The remaining plate, its bagel mounded high with cream cheese, he plopped in front of her, and she stared at it in silence for a minute.
“Thank you,” she finally said, very quietly.
“For what?” He scoffed. “Taking the most salmon? You’re welcome. Please feel free to thank me when I claim whatever slice of cake has the most frosting too.”
Lauren wasn’t really into frosting, he’d learned, which was preposterous. Possibly un-American.
“What are your plans for today, Nanny Clegg? Heading to Griffith Park and breaking up children’s birthday parties for unlawful displays of joy and levity?”

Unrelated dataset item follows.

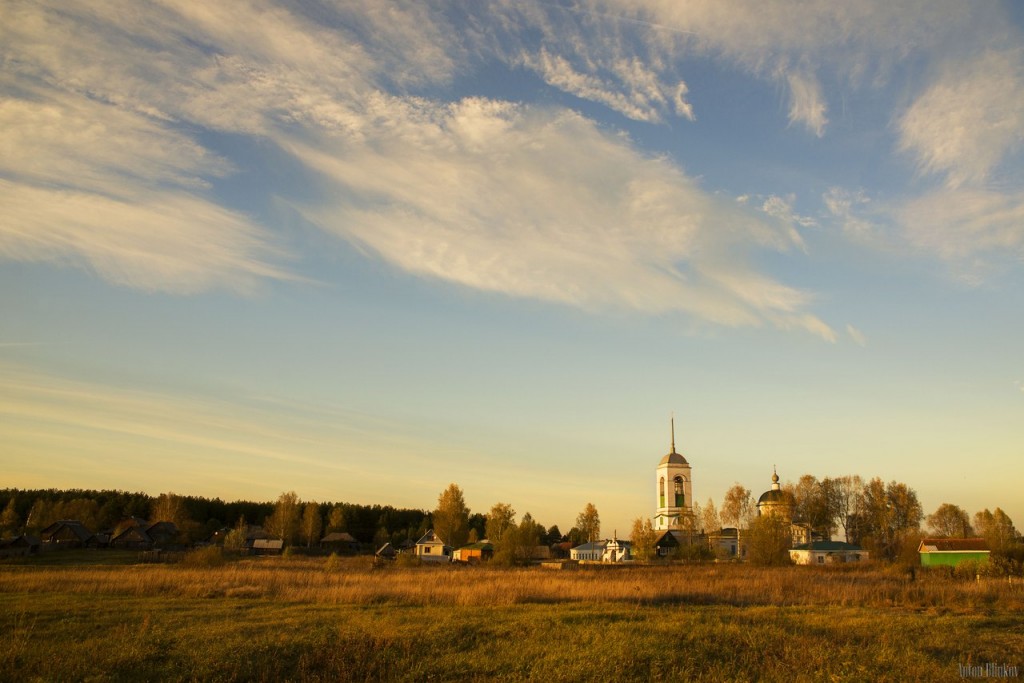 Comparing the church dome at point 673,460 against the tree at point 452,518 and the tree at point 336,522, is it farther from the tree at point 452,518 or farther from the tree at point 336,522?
the tree at point 336,522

At some point in the near future, he intended to find a new nickname for her, although he wouldn’t entirely retire Nanny Clegg from circulation. But this version of Lauren, the one that laughed and chatted, deserved a different option.
“I’d thought—” she began, only to be interrupted by the chirp of her phone. “It’s Sionna. Give me just a minute to tell her I’ll call back after breakfast.”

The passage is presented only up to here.